Like, the other day, I was in Trader Joe’s (which, bible, equally excites me as much as the Saks shoe department) and a sweet woman tapped me on the shoulder with a, “Are you the Wordy Girl!?” I was nonplussed. And the fact she hailed from New York was further stupefying. She expressed to me how she’s a mom, too, and how my words, somehow, make her chuckle. I cherished making that connection.
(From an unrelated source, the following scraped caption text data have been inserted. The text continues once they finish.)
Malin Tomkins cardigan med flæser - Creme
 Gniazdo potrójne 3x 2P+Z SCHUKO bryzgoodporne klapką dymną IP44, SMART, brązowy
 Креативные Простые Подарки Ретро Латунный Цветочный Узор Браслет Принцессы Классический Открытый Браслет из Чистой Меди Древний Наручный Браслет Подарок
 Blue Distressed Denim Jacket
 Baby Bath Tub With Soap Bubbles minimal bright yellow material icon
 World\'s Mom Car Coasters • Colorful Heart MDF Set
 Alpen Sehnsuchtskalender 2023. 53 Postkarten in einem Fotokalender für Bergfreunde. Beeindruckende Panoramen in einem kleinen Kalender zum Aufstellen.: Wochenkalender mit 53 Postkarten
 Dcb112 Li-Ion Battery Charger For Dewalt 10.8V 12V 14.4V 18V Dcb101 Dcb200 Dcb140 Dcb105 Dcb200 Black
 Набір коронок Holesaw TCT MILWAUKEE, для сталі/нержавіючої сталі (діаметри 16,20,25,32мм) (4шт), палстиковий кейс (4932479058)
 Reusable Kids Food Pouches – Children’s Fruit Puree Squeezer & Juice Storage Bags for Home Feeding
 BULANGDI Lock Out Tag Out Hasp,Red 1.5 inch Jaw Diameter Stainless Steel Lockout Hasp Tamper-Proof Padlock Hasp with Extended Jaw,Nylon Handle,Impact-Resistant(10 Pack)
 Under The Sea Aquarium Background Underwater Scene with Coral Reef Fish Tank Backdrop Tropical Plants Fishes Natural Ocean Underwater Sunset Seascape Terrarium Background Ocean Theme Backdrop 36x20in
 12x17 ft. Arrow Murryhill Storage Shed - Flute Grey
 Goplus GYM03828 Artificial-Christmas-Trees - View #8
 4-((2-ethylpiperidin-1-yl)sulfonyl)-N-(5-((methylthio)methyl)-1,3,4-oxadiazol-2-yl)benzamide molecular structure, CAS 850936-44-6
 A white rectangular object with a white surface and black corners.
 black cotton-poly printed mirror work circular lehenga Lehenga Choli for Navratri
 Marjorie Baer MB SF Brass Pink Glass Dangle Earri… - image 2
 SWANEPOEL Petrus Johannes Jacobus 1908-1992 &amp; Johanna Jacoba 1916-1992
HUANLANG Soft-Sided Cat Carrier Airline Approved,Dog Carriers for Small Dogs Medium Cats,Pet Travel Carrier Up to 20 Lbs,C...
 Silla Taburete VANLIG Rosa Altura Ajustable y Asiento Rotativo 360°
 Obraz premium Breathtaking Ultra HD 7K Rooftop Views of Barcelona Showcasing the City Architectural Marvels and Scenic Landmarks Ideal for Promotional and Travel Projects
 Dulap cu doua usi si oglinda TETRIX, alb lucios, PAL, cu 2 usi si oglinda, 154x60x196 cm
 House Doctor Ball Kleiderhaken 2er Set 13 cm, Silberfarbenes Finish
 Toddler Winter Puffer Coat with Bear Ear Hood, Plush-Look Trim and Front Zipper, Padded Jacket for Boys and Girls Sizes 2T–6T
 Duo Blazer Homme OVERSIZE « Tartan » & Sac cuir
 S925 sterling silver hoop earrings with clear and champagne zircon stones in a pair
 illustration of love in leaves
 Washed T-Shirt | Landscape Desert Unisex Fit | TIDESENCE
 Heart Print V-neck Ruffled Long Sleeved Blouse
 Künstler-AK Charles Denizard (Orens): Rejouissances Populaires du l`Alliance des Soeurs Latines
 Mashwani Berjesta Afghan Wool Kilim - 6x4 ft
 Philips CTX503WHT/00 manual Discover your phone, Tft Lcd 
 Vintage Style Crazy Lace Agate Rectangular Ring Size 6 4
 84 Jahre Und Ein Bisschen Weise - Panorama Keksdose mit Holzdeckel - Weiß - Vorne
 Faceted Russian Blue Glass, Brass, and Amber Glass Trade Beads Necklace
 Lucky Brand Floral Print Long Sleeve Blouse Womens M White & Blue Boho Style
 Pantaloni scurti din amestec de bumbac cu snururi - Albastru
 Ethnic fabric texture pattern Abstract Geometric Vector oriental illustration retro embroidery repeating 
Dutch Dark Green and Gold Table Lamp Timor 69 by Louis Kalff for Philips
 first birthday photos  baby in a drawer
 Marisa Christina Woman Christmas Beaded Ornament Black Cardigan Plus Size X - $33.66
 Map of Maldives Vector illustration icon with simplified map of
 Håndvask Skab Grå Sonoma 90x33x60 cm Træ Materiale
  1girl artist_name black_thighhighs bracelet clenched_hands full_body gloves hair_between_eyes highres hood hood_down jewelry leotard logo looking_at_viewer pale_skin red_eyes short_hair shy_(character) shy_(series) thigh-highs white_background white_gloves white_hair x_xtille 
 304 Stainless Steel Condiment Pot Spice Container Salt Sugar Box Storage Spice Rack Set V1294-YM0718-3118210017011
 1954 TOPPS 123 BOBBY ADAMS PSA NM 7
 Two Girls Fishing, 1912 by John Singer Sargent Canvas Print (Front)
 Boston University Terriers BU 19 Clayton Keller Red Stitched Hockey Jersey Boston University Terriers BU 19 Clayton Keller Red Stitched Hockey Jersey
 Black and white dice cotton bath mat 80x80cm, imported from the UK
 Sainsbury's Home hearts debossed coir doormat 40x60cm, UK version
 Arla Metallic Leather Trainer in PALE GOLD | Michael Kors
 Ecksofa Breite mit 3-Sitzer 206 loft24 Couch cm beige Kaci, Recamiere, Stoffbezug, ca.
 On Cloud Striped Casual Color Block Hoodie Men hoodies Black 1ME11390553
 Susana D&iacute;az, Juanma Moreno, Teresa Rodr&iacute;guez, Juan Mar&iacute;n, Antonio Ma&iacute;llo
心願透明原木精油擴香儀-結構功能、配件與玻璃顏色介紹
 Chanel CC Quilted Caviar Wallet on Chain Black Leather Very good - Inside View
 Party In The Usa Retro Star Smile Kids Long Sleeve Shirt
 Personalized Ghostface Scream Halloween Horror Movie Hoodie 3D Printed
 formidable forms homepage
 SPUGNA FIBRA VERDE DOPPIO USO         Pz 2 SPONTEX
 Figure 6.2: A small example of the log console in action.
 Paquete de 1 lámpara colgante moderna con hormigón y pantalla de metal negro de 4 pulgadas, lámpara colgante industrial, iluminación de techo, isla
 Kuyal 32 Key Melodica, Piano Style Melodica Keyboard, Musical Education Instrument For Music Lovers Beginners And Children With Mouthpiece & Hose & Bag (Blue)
Often times, my husband will be at work events and introduce himself to a fellow broker or real estate agent and they’ll hit him back with a, “Tettamanti! Are you related to Maria? I read her blog!” This always renders him speechless because, you know, he’s at a REAL ESTATE event and who has time to read this blog when there’s oceanfront units to sell?! GOSH. (Say that last line like Napoleon Dynamite would for added zing).
Some of you readers send me really lovely emails expressing how my baby weight loss journey has inspired them, too, or how they enjoy my raw and real posts where I have my monthly meltdowns, or how they need something as simple as a travel tip or great hair colorist. One guy told me pointblank that he wanted to sit on my face, but hey, I’ll take it! But, no, you can’t sit on my face because that’s totally inappropriate — not to mention unhygienic.
I guess where I’m getting at is this: I started this platform as small way to share things I genuinely love with what started out as a skimpy audience of 4 (my mom, my mother-in-law and my two older sisters, obvi). And now this audience reaches obscure areas in Russia and Asia. Crazy!
So thank you all for reading. From the bottom of my heart. Mad gratitude.